Merkel risks bruising in crunch German votes

By Paul Carrel and Michael Nienaber

BERLIN (Reuters) - Isolated in Europe, Chancellor Angela Merkel faces a big test at home on Sunday when three German states vote in elections that risk eroding her base and undermining the migrant policy on which she has staked her legacy.

Merkel, known for her caution, took the high-risk step last summer of opening Germany's borders to refugees fleeing war in Syria - a move that made her Time magazine's Person of the Year but stoked angst among Germans about integrating the migrants.

Now voters in the three states - two in the west, and one in the former east - have a chance to punish Merkel, 61, just as she is trying to use her status as Europe's most powerful leader to push through an EU deal with Turkey to stop the migrant flow.

"Merkel will continue to be chancellor, but maybe with a black eye," said Matthias Kortmann at the University of Munich.

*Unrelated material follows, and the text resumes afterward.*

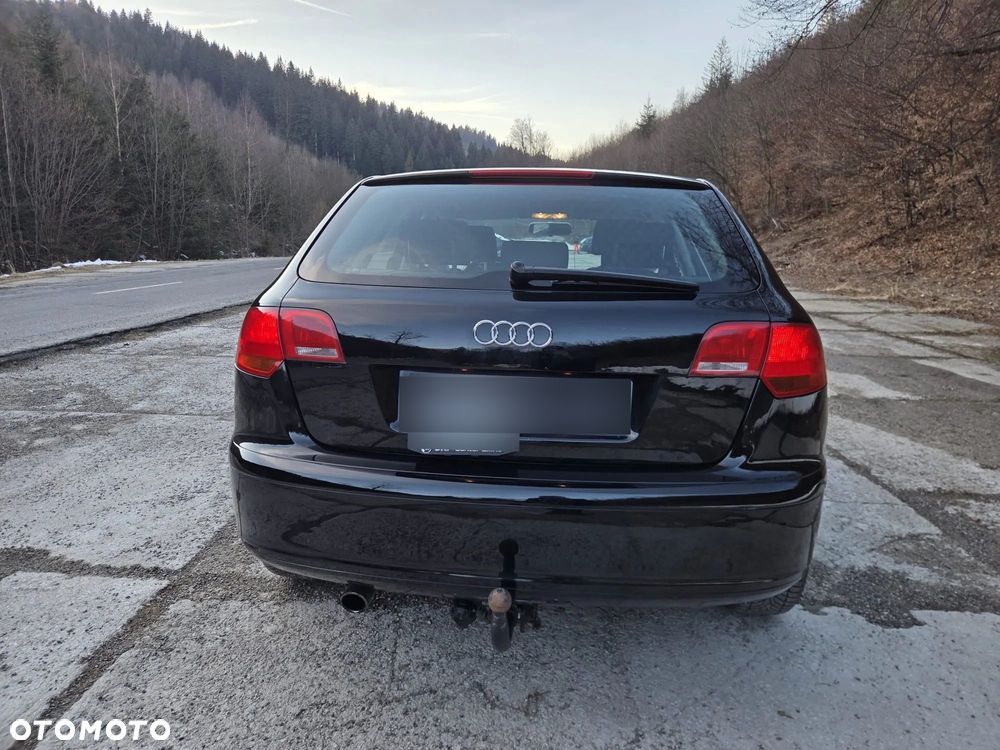 Audi A3 Sportback 1.6 Attraction - 9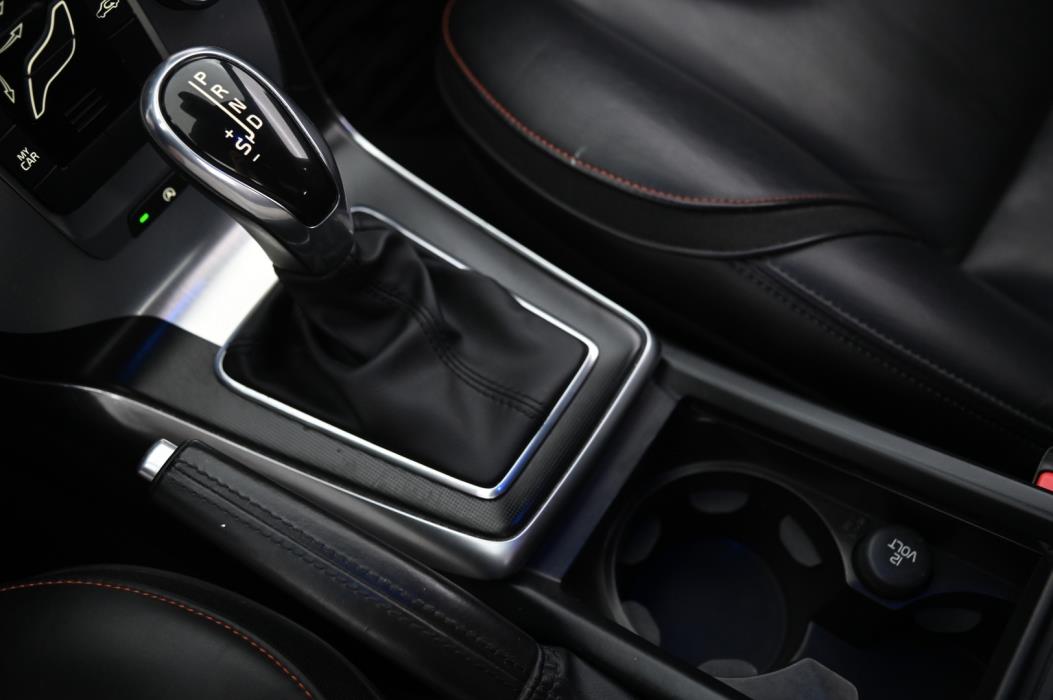 VOLVO V40 2015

Such a loss of face would erode Merkel's standing at a crucial juncture in her efforts to deal with the refugee crisis that saw over 1 million migrants arrive in Germany last year.

She alarmed many European leaders at a summit earlier this week by gambling on a last-minute draft deal with Turkey to stop the migrant flow and demanding their support.

But Merkel, whose gravitas and reputation for deal-making has grown during her 10 years in power, must still seal the Turkey deal with EU leaders at their next summit on March 17-18.

"If she cannot push through her approach then, she will not be able to avoid correcting her stance on refugee policy," said Oskar Niedermayer at Berlin's Free University.

Such a shift, which could include tightening Germany's borders, would be damaging to Merkel, who is expected to seek a fourth term in office at a federal election in 2017.

Snapping at the heels of her conservative Christian Democrats (CDU) is the Alternative for Germany (AfD) party, whose hardline stance on refugees could bring it big gains in all three states voting on Sunday.

Founded only in 2013, the AfD has morphed from an anti-euro zone bailout party into an anti-immigrant electoral force, to which the CDU is bleeding support in all three states.

SWING STATE

The three regions - Baden-Wuerttemberg and Rhineland-Palatinate in the west, and Saxony-Anhalt in the east - have a combined population of some 17 million, a fifth of Germany's 81 million.

The AfD is strongest in Saxony-Anhalt, where unemployment is running at over 10 percent. Polls put the AfD on as much as 19 percent support in the state, and ahead of the Social Democrats (SPD), Merkel's coalition partner in Berlin, a humiliation for a party that is bracing for big losses on Sunday.

"In Germany, as in the U.S., the party system is fanning out to the extremes," said Josef Joffe, publisher-editor of German weekly Die Zeit.

A weakened CDU is still poised to come first in Saxony-Anhalt, but its fate looks less rosy in the two other states.

In Baden-Wuerttemberg, a CDU stronghold for over 50 years before turning to a Green-led coalition with the SPD in 2011 after Japan's Fukushima nuclear disaster, the Greens' state premier Winfried Kretschmann, 67, is poised to pip his CDU rival.

But it is Rhineland-Palatinate, a wine-growing region, that is shaping up as the pivotal swing state.

There, Julia Kloeckner, a charismatic 43-year-old former German "wine queen" who has positioned herself as a candidate to succeed Merkel one day, has seen her lead shrink in recent weeks and is now neck-and-neck with SPD incumbent, Malu Dreyer.

"Whoever wins Rhineland-Palatinate, CDU or SPD, can present themselves as the overall winner," said Kortmann.

Merkel will campaign on Friday in Trier, an ancient Roman town in Rhineland-Palatinate, but she is having difficulty in getting her overall popularity as chancellor to rub off on the CDU's candidates in the state elections.

A poll this week put support for Merkel at its highest this year, with her winning 50 percent of votes in a hypothetical presidential-style election against SPD leader Sigmar Gabriel, on 13 percent.

"Depending on the outcome (of the state votes), Merkel could be weakened domestically, especially within her own party," said Kortmann. "But everybody knows that there is actually no alternative to her in the CDU."